Letterboxd (3/5), Imdb.com (6/10)
If you’re looking for a dazzling display of special effects (especially in 3-D), then this latest installment in the Marvel Universe’s “Ant-man” franchise is for you. However, if you’re looking for an absorbing story, more along the lines of “Black Panther: Wakanda Forever” (2022), you’ll probably want to look elsewhere, despite the superb eye candy on offer here. Though visually dazzling, director Payton Reed’s latest feels like something of a placeholder entry in the ongoing string of movies in this long-running series of action-adventures. Set in a vividly colorful, fantastically landscaped universe that exists below our reality at the quantum level, this picture tells the story of an unlikely superhero (Paul Rudd) and his family of colleagues (Evangeline Lilly, Michael Douglas, Michelle Pfeiffer, Kathryn Newton) who become inadvertently trapped in this strange world and desperately look for a way to get home, but they must first match wits with a dastardly, powerful villain (Jonathan Majors) who stands in their way.
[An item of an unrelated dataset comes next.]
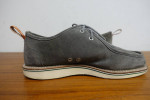 Dr  Martens Stussy Collab  Suede Ankle Shoes sz 12  Mens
What ultimately transpires, however, is a story that’s eminently predictable and fairly formulaic, reminiscent of many other such tales, such as “Tron: Legacy” (2010). Also, like many other Marvel movies, the concluding sequence is once again entirely too long (even though the overall length of this production is, thankfully, comparatively shorter than many of its protracted peer releases). To its credit, the film features fine performances by Pfeiffer and Majors, as well as a commendably lucid explanation of the rudiments of quantum physics. However, these strengths, along with its stunning visuals, aren’t enough to overcome the overall narrative blandness of this offering. While “Quantumania” is certainly best viewed on the big screen in 3-D for maximum visual effect, this film might otherwise be considered a candidate worth waiting for its streaming debut. The kind of overkill on display in this work isn’t doing the Marvel Universe any good, something that really needs to be borne in mind for the future of these releases.